Creía que si hacía hablar a Beleth, el demonio no tendría tiempo de leerle el pensamiento.
—Príncipe de la Oscuridad —lo corrigió Beleth—. El título es Príncipe de la Oscuridad. Aquí no hay reyes ni emperadores, de modo que el rango superior es el de príncipe. Cuando me comí a mi padre, yo era duque. Bueno, esto es lo de menos porque lo que importa es que, al convertirme en príncipe, hice unos cuantos cambios, te lo aseguro. Este lugar llevaba siglos estancado, pero yo tenía planes, príncipe heredero Pyrgus. ¿Te gustaría conocerlos?
—Pues claro que sí —respondió Pyrgus con ansiedad.
Tal vez fuera cosa de su imaginación, pero cuanto más hablaba Beleth, menor era el control que ejercía sobre Pyrgus. El chico seguía sin poder hacer nada y debía tener mucho cuidado con sus pensamientos, pero llegado el momento…
—Tenía planes para ampliar mi esfera de influencia. Es así como se dice, ¿verdad? Ya nadie habla de conquista, saqueo y pillaje, aunque viene a ser lo mismo y resulta igual de divertido. Como somos amigos, es mejor que te hable sinceramente. Tenía planes para conquistar, saquear y rapiñar el Mundo Análogo, aunque eso a ti no te afecta en realidad. En resumen, Pyrgus, había planeado convertirme en el Príncipe de la Oscuridad más grande del Universo.
Se calló, mientras lanzaba chispas por los negros ojos.
Tras unos momentos, Pyrgus probó a incitarlo para que siguiese hablando.
—¡Vaya! ¿Y cómo ibas a hacerlo?
—Los demonios siempre hemos tenido mucha relación con los elfos de la noche: una ayudita por aquí, un sacrificio por allí, un contrato de sangre de vez en cuando. Eso ya lo sabes, por supuesto. Lo que tal vez no sepas es que desde hace unos meses yo, personalmente, he negociado un tratado secreto con uno de los líderes más poderosos de la noche…

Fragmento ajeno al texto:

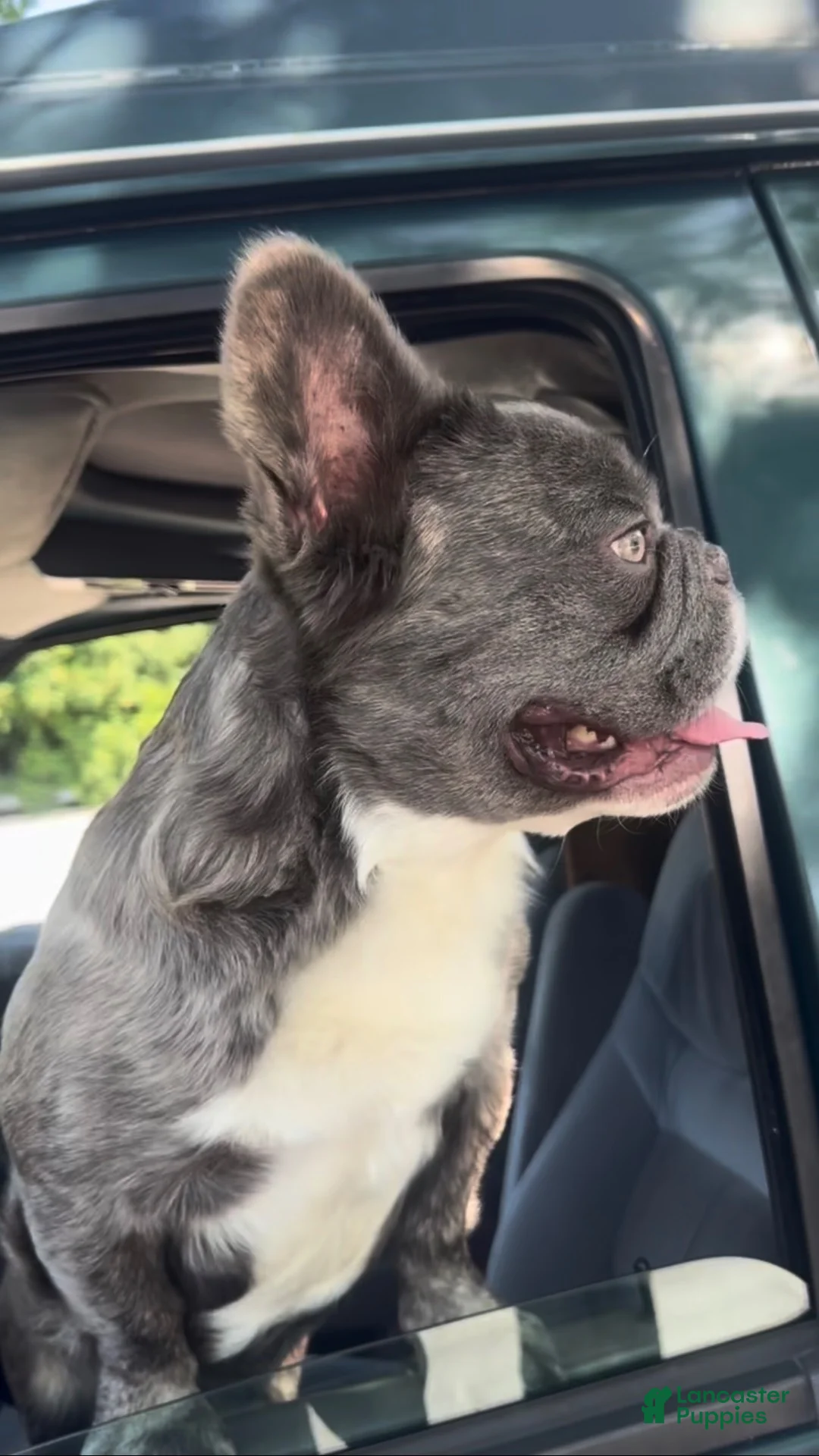 French Bulldog dogs for stud: Bingo the Stud - Ad 2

—¡Lord Hairstreak! —exclamó Pyrgus.
—¡El mismo! —reconoció Beleth—. ¡Qué inteligente eres! Serías un demonio estupendo. Como bien has dicho, lord Hairstreak. Sus ambiciones son conquistar, saquear y rapiñar todo el reino de los elfos, y yo consentí en ayudarlo. Para ser más exactos, Pyrgus, consentí en sumar mis fuerzas a las suyas cuando él lanzase un ataque contra el antiguo Gobierno de la Luz, es decir, el gobierno de tu padre. El ataque es inminente.
—¿Hairstreak va a declarar la guerra contra mi padre?

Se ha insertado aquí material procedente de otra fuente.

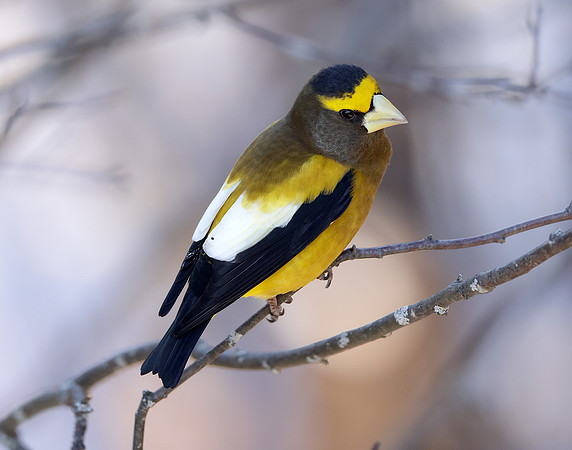 Evening Grosbeak Coccothraustes vespertinus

—Quizá no la declare y prefiera actuar por sorpresa. Pero no cabe duda de que va a hacer la guerra, y esos robustos individuos que te rodean lo ayudarán a ganarla.

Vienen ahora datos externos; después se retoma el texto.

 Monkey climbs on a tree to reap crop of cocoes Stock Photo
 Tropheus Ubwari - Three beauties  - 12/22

La conversación ya no era un juego para hacer hablar a Beleth. Pyrgus estaba más rígido que un carámbano. Sabía que existían problemas con los elfos de la noche, pero nunca se le había ocurrido pensar que la situación era tan grave como para desembocar en una guerra. Y con las legiones de Beleth de parte del bando de la noche, su padre no podía ganar. Pyrgus luchó furiosamente contra el pánico que comenzaba a filtrarse en sus pensamientos.
—¿Hairstreak pretende derrocar a mi padre?
—Sí.
—¿Y convertirse en Emperador Púrpura?
—Algo por el estilo. —Beleth sonrió benévolo.
—¡Nuestro pueblo no lo consentirá! —exclamó Pyrgus, tras unos momentos de confusión.
—Tendrán que hacerlo cuando pierdan la guerra. Aunque tienes razón al sugerir que no les va a gustar. Naturalmente, Hairstreak lo sabe y por eso me pidió que te matase.
—¿Que Hairstreak te pidió que me matases? —repitió Pyrgus.
—No es nada personal —comentó Beleth—, sólo cuestión de política.
* * *
El control de Beleth había disminuido mucho. Pyrgus tenía los pies en el suelo, y la sensación de flotar había desaparecido totalmente. No obstante, siguió al príncipe de los demonios de buen grado cuando abandonaron el campo militar y regresaron a la sombría ciudad metálica. En aquellas circunstancias, la huida era inútil, aunque Pyrgus lograra escapar, y antes de poner en práctica ninguna acción tenía que enterarse de todo lo que ocurría.
Por suerte, Beleth parecía encantado de seguir hablando.
—Lo fundamental es que eres el príncipe heredero, el que heredará el trono legítimamente si algo… si le ocurriera alguna desgracia a tu padre.
—¿Te refieres a algo como morir en la guerra? —le preguntó Pyrgus, con el entrecejo fruncido.
Beleth le lanzó una mirada de sorpresa.
—¡Oh, no! Tu padre no morirá en la batalla. Eso lo convertiría en mártir. Debe morir antes de que estallen las hostilidades. Y me temo que tú también.